WORK INSTRUCTIONS ->
Which lines come from the start of the records through the line that holds "Rome, Italie - 15"? Write them out word for word.

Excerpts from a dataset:
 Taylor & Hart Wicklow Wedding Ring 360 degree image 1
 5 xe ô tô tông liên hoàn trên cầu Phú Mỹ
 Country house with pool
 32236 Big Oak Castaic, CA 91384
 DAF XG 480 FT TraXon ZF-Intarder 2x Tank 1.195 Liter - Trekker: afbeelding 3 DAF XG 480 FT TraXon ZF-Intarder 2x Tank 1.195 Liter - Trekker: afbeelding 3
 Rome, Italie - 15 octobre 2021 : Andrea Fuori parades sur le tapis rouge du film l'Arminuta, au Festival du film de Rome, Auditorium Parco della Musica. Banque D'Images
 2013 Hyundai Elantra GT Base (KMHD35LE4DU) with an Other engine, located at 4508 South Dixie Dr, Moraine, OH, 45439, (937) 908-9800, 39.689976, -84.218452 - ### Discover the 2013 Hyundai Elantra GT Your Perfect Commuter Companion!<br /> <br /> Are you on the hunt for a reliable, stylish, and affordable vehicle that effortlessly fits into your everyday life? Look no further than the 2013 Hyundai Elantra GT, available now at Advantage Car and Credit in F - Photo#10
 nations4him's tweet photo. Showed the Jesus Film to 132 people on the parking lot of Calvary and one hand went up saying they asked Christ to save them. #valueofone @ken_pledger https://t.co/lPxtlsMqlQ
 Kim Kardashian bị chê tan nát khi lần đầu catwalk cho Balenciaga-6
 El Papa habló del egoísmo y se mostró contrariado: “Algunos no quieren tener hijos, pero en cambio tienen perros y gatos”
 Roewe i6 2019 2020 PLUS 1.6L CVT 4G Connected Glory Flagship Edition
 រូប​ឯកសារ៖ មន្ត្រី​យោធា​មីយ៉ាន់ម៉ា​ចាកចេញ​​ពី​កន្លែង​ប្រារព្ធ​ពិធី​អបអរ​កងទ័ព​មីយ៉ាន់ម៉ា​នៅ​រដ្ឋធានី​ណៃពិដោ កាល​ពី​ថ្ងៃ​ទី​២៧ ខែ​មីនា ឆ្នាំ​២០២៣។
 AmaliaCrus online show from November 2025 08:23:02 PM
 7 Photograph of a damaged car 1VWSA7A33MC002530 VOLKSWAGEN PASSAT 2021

SOLVED EXERCISE ->
 Taylor & Hart Wicklow Wedding Ring 360 degree image 1
 5 xe ô tô tông liên hoàn trên cầu Phú Mỹ
 Country house with pool
 32236 Big Oak Castaic, CA 91384
 DAF XG 480 FT TraXon ZF-Intarder 2x Tank 1.195 Liter - Trekker: afbeelding 3 DAF XG 480 FT TraXon ZF-Intarder 2x Tank 1.195 Liter - Trekker: afbeelding 3
 Rome, Italie - 15 octobre 2021 : Andrea Fuori parades sur le tapis rouge du film l'Arminuta, au Festival du film de Rome, Auditorium Parco della Musica. Banque D'Images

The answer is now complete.